Crawled caption data
--- START ---
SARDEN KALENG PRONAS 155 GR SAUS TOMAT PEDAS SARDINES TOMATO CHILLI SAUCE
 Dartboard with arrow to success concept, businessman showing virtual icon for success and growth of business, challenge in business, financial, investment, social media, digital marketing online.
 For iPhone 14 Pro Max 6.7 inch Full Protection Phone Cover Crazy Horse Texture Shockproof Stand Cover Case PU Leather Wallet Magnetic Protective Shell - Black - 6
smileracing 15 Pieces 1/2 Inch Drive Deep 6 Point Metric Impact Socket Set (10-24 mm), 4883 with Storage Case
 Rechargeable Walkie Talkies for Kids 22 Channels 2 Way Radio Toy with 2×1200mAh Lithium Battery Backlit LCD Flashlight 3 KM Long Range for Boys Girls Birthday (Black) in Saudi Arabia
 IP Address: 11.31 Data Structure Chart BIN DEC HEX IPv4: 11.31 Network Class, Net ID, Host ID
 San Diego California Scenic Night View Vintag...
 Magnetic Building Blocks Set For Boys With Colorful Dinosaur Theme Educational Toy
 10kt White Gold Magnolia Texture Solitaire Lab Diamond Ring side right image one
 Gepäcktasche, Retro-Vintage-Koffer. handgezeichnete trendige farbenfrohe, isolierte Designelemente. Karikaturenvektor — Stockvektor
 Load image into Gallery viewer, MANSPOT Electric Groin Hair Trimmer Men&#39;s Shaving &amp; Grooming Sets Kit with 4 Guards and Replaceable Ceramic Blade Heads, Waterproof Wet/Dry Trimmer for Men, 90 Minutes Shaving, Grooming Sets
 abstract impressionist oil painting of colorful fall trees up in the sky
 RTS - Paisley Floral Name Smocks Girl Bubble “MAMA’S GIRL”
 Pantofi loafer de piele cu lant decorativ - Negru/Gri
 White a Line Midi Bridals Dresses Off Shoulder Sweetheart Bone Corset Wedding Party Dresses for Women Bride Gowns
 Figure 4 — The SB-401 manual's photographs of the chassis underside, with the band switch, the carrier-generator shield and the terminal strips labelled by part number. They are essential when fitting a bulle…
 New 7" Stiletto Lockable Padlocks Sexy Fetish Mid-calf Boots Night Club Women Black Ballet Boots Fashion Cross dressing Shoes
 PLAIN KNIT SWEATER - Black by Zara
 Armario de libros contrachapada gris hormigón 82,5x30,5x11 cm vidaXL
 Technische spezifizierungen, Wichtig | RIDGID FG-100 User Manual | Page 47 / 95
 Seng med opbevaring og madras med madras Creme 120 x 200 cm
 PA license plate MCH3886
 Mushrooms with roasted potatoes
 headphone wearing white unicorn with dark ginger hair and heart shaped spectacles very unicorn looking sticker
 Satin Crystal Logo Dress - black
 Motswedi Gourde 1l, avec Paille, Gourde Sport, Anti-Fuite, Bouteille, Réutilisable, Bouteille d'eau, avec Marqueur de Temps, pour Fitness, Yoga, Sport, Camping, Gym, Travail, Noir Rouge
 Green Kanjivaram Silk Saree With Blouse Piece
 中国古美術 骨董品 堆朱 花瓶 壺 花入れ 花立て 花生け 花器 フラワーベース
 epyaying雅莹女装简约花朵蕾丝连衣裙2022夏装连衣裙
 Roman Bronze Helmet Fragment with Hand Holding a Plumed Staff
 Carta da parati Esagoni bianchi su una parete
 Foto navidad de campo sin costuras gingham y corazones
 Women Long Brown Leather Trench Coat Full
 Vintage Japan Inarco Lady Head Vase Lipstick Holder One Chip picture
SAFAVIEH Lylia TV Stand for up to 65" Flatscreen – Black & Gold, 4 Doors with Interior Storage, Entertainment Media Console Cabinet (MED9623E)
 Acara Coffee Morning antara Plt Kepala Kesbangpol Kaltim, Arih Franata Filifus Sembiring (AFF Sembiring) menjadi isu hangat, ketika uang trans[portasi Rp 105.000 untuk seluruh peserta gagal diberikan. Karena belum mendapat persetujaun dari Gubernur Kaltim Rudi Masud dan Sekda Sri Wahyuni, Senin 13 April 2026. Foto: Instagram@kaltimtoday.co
--- END ---
## Activity
Exactly as they stand above, write out all the entries again.

## Written answer
SARDEN KALENG PRONAS 155 GR SAUS TOMAT PEDAS SARDINES TOMATO CHILLI SAUCE
 Dartboard with arrow to success concept, businessman showing virtual icon for success and growth of business, challenge in business, financial, investment, social media, digital marketing online.
 For iPhone 14 Pro Max 6.7 inch Full Protection Phone Cover Crazy Horse Texture Shockproof Stand Cover Case PU Leather Wallet Magnetic Protective Shell - Black - 6
smileracing 15 Pieces 1/2 Inch Drive Deep 6 Point Metric Impact Socket Set (10-24 mm), 4883 with Storage Case
 Rechargeable Walkie Talkies for Kids 22 Channels 2 Way Radio Toy with 2×1200mAh Lithium Battery Backlit LCD Flashlight 3 KM Long Range for Boys Girls Birthday (Black) in Saudi Arabia
 IP Address: 11.31 Data Structure Chart BIN DEC HEX IPv4: 11.31 Network Class, Net ID, Host ID
 San Diego California Scenic Night View Vintag...
 Magnetic Building Blocks Set For Boys With Colorful Dinosaur Theme Educational Toy
 10kt White Gold Magnolia Texture Solitaire Lab Diamond Ring side right image one
 Gepäcktasche, Retro-Vintage-Koffer. handgezeichnete trendige farbenfrohe, isolierte Designelemente. Karikaturenvektor — Stockvektor
 Load image into Gallery viewer, MANSPOT Electric Groin Hair Trimmer Men&#39;s Shaving &amp; Grooming Sets Kit with 4 Guards and Replaceable Ceramic Blade Heads, Waterproof Wet/Dry Trimmer for Men, 90 Minutes Shaving, Grooming Sets
 abstract impressionist oil painting of colorful fall trees up in the sky
 RTS - Paisley Floral Name Smocks Girl Bubble “MAMA’S GIRL”
 Pantofi loafer de piele cu lant decorativ - Negru/Gri
 White a Line Midi Bridals Dresses Off Shoulder Sweetheart Bone Corset Wedding Party Dresses for Women Bride Gowns
 Figure 4 — The SB-401 manual's photographs of the chassis underside, with the band switch, the carrier-generator shield and the terminal strips labelled by part number. They are essential when fitting a bulle…
 New 7" Stiletto Lockable Padlocks Sexy Fetish Mid-calf Boots Night Club Women Black Ballet Boots Fashion Cross dressing Shoes
 PLAIN KNIT SWEATER - Black by Zara
 Armario de libros contrachapada gris hormigón 82,5x30,5x11 cm vidaXL
 Technische spezifizierungen, Wichtig | RIDGID FG-100 User Manual | Page 47 / 95
 Seng med opbevaring og madras med madras Creme 120 x 200 cm
 PA license plate MCH3886
 Mushrooms with roasted potatoes
 headphone wearing white unicorn with dark ginger hair and heart shaped spectacles very unicorn looking sticker
 Satin Crystal Logo Dress - black
 Motswedi Gourde 1l, avec Paille, Gourde Sport, Anti-Fuite, Bouteille, Réutilisable, Bouteille d'eau, avec Marqueur de Temps, pour Fitness, Yoga, Sport, Camping, Gym, Travail, Noir Rouge
 Green Kanjivaram Silk Saree With Blouse Piece
 中国古美術 骨董品 堆朱 花瓶 壺 花入れ 花立て 花生け 花器 フラワーベース
 epyaying雅莹女装简约花朵蕾丝连衣裙2022夏装连衣裙
 Roman Bronze Helmet Fragment with Hand Holding a Plumed Staff
 Carta da parati Esagoni bianchi su una parete
 Foto navidad de campo sin costuras gingham y corazones
 Women Long Brown Leather Trench Coat Full
 Vintage Japan Inarco Lady Head Vase Lipstick Holder One Chip picture
SAFAVIEH Lylia TV Stand for up to 65" Flatscreen – Black & Gold, 4 Doors with Interior Storage, Entertainment Media Console Cabinet (MED9623E)
 Acara Coffee Morning antara Plt Kepala Kesbangpol Kaltim, Arih Franata Filifus Sembiring (AFF Sembiring) menjadi isu hangat, ketika uang trans[portasi Rp 105.000 untuk seluruh peserta gagal diberikan. Karena belum mendapat persetujaun dari Gubernur Kaltim Rudi Masud dan Sekda Sri Wahyuni, Senin 13 April 2026. Foto: Instagram@kaltimtoday.co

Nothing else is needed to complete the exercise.